Taking advantage of this opportune (non-mobile) moment, I spun around to view my winter-wonderland surroundings. The mountains of Grafton Notch State Park crept up behind me, the icy peaks biting into the sparkling azure sky. Ahead of me lay ribbons of trails that cut a white swath through the evergreens and red berry bushes. And at my feet stood two beautiful huskies who were barely breathless after hauling me up and down hills and across packed-snow flats. The dogs were content to be out in the wild, doing what came naturally to them. But they were also looking forward to the ride back to the Telemark Inn, where they would be rewarded with a slab of raw meat.

I would get my rewards as well, in the form of a glass of red wine, a plate of salmon and a dog napping at my feet beside the hearth.

Details: Skijoring in Maine

DO THIS IF . . . You are a dog lover and can stay balanced on skis while being pulled by what amounts to a small army of fur.

DON'T TRY THIS IF . . . You have a delicate derriere and are tone deaf to the call of the wild.

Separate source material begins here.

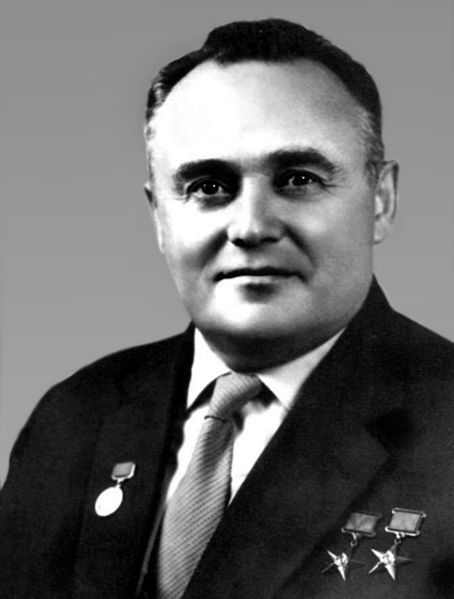 Sergei Pavlovich Korolev, Chief Designer of the early Soviet space program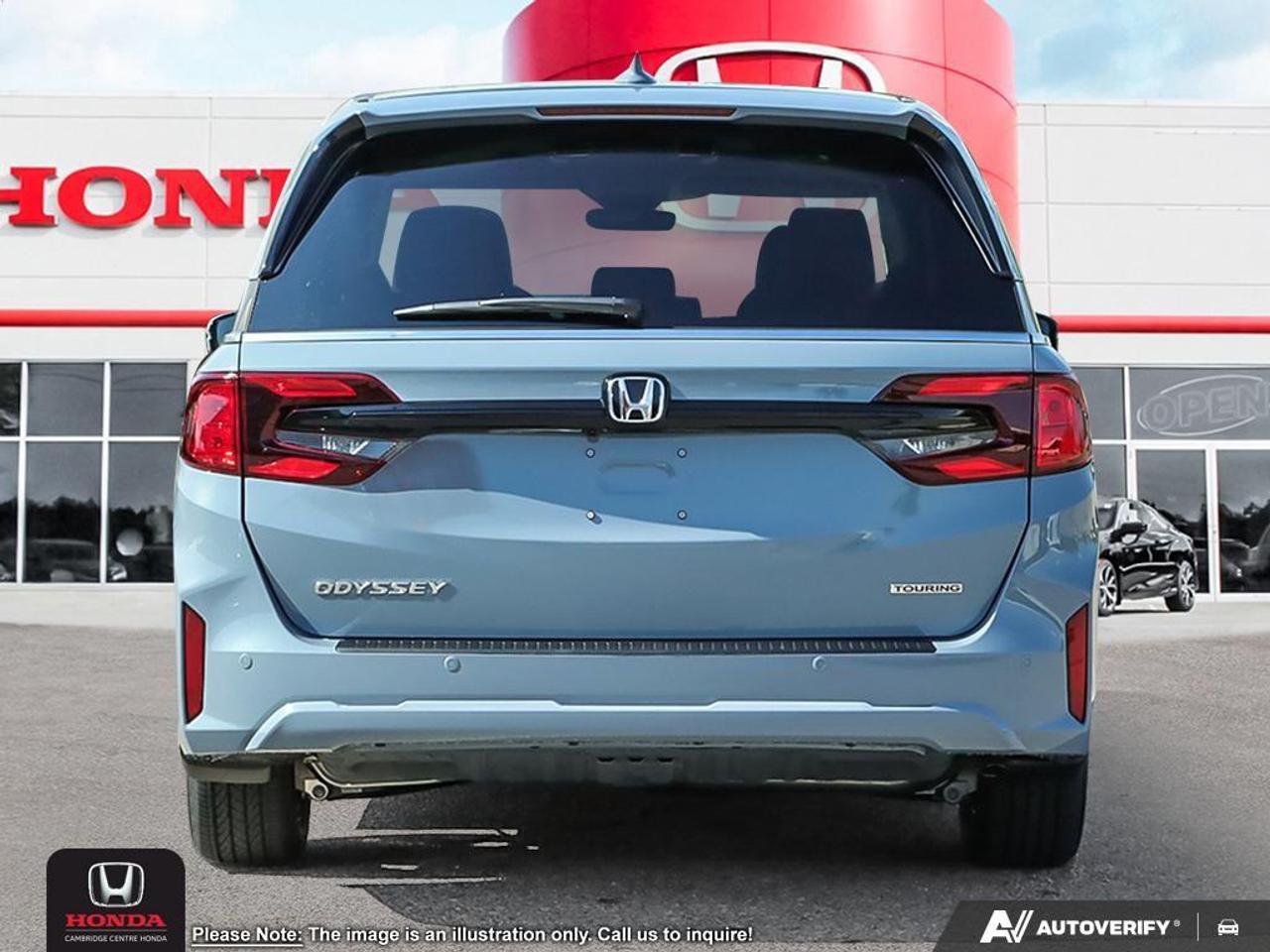 2026 Honda Odyssey Touring IN-STOCK! Photo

COST: Skijoring lessons at the Telemark Inn (see below) cost $25 per hour; use your own skis or rent in town. You may also bring your own pooch (and keep him at the kennel down the road) or borrow one of innkeeper/instructor Steve Crone's.

GETTING THERE: To reach Bethel, fly to Portland, Maine (United, US Airways and other major carriers fly from Washington for about $250 round trip) and drive about 70 miles northwest on I-495 north to Exit 11. Pick up Route 202 to 26, then turn onto Route 5, which leads into town.

WHERE TO STAY: To live, breathe and sleep skijoring, stay at the five-bedroom Telemark Inn (10 rugged miles from Bethel, call for directions; 207-836-2703, www.telemarkinn.com), where Steve offers lessons that go beyond snowplowing and learning to say "Whoa." He will also introduce you to his family of dogs; take you for a moonlit ride on his dog-pulled all-terrain vehicle; regale you with kooky tales over dinner; and stoke up the wood-burning sauna for a late-night steam. Rates run $95 per night, or $120 all-inclusive (two-night minimum), which includes five meals, hors d'oeuvres, use of ski touring center, snowshoeing and other winter activities.

Closer to civilization, you can stay at any number of accommodations ringing Sunday River ski mountain. Info: 207-824-3000, www.sundayriver.com. For B&Bs in town, contact the Bethel Chamber of Commerce (800-442-5826, www.bethelmaine.com).

WHERE TO EAT: The Telemark Inn's winter weekend packages include meals, and despite the lodge's rustic air the food falls on the side of big-city chic (i.e. sushi roll appetizers, salmon steak with vanilla-tinged mashed potatoes). You also can find hearty apres-ski food and ales around Bethel and (atop) Sunday River, including Sunday River Brewing Company (Junction 2 and Sunday River Road) and the Sudbury Inn (151 Main St.), a local hangout with entertainment and pub food downstairs and finer fireside dining upstairs.

OTHER ACTIVITIES: The Telemark Inn offers a slew of cold-weather activities, including snowshoeing, winter treks around its 30 acres of trails, horse- (or cow-) drawn sleigh rides, horseback riding and playing with Steve's affectionate dogs.

At Great Glen Trails Outdoor Center (Route 16, Pinkham Notch, Gorham, N.H.; 603-466-2333, www.mt-washington.com), scale blustery Mount Washington in a winter SnowCoach or don cold-weather accouterments and explore acres of wintry trails. There is also snow tubing, snowmobiling and ice skating; contact the chamber of commerce for details.